▶ [Required action]
If a record below holds a picture, drop the picture and copy everything else exactly.

START Material supplied

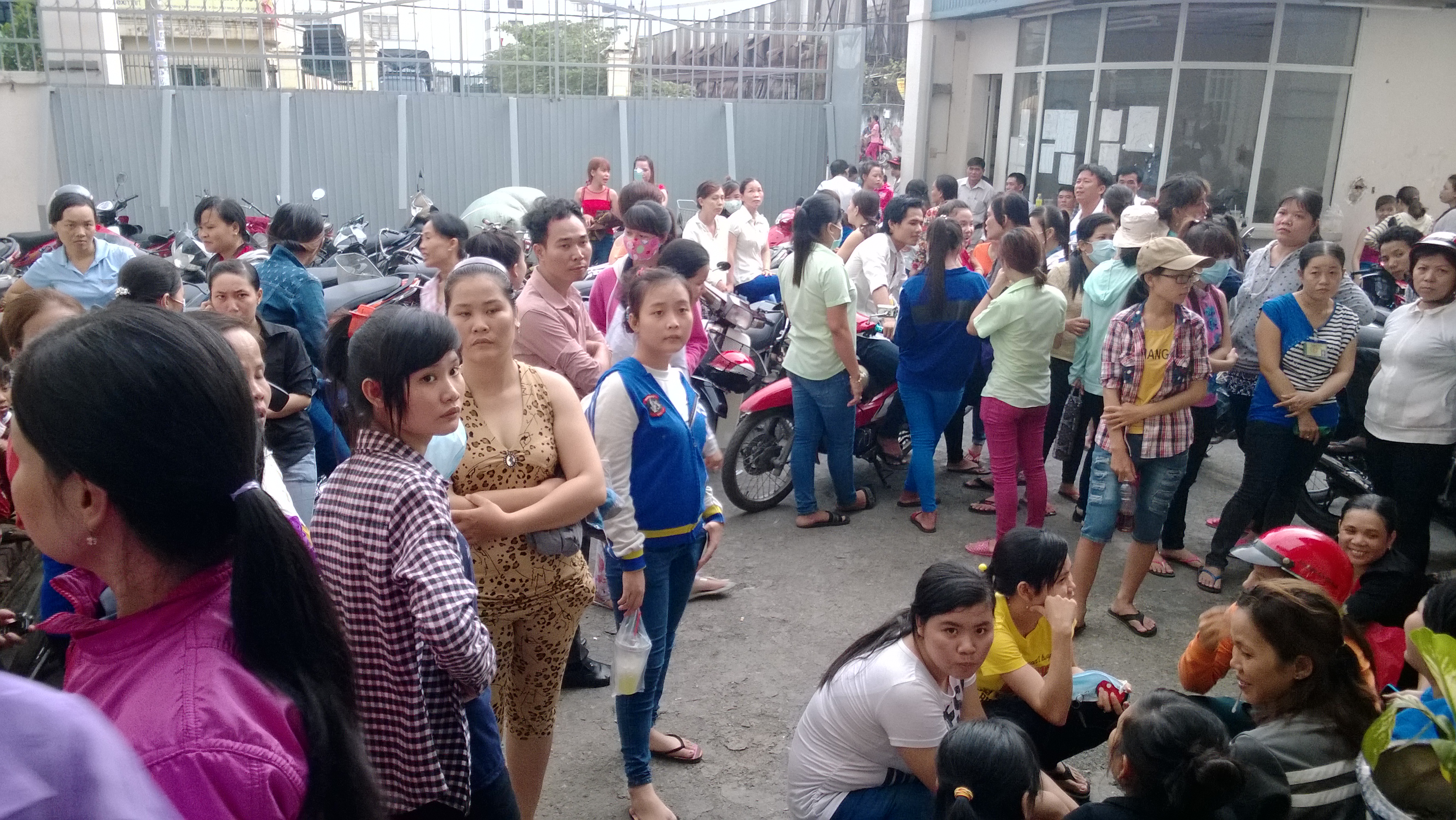 Đừng đẩy thiệt th&ograve;i cho người lao động- Ảnh 1.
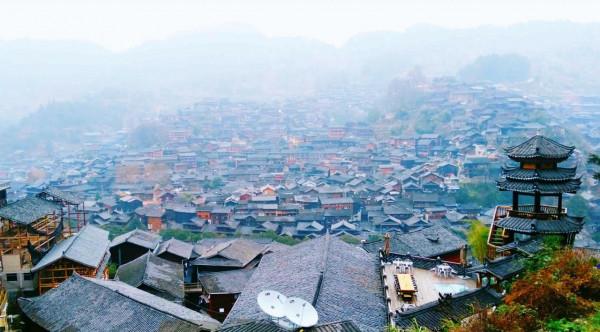 太行山深處的上臘江村，想去僅一條懸崖公路，民風淳樸住一晚50元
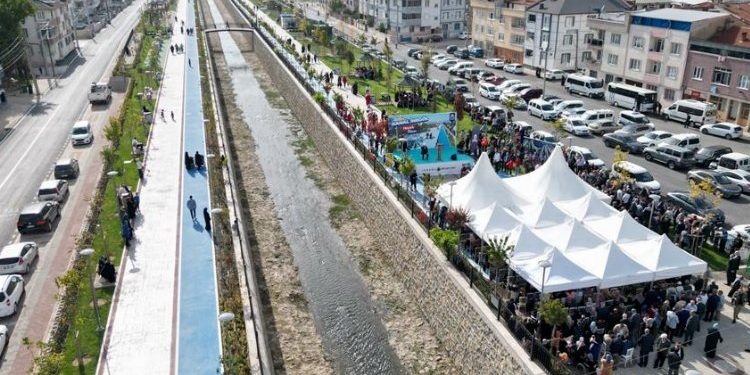 Kanal İnegöl’e görkemli açılış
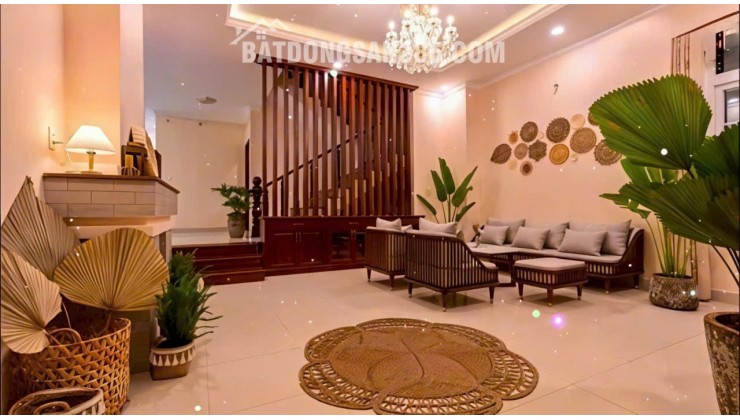 CHO THUÊ VILLA SÂN VƯỜN CAO CẤP – TRUNG TÂM ĐÀ LẠT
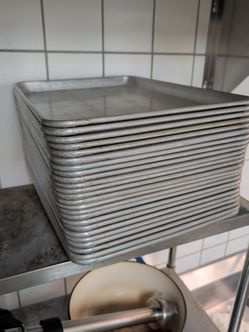 Lot of half sheet pans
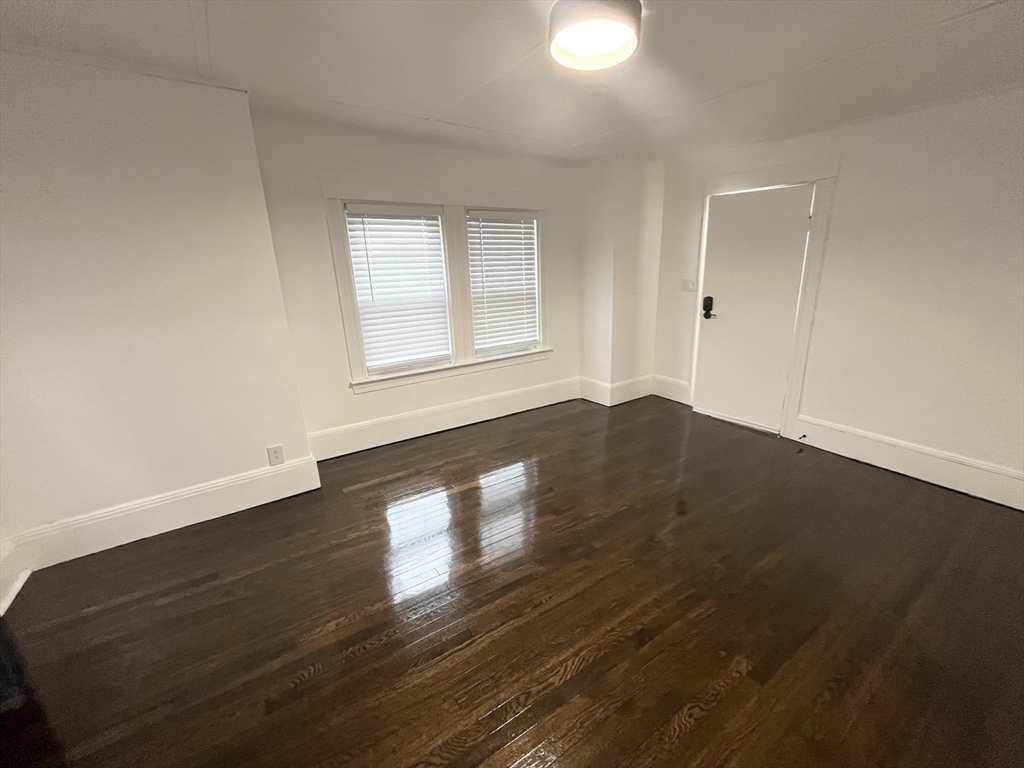 25R Auburn, Woburn, Massachusetts, 2 Bedrooms Bedrooms, 5 Rooms Rooms,1 BathroomBathrooms,Residential Lease,For Rent,Auburn,73505935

END Material supplied

▶ [Answer space]
 Đừng đẩy thiệt th&ograve;i cho người lao động- Ảnh 1.
 太行山深處的上臘江村，想去僅一條懸崖公路，民風淳樸住一晚50元
 Kanal İnegöl’e görkemli açılış
 CHO THUÊ VILLA SÂN VƯỜN CAO CẤP – TRUNG TÂM ĐÀ LẠT
 Lot of half sheet pans
 25R Auburn, Woburn, Massachusetts, 2 Bedrooms Bedrooms, 5 Rooms Rooms,1 BathroomBathrooms,Residential Lease,For Rent,Auburn,73505935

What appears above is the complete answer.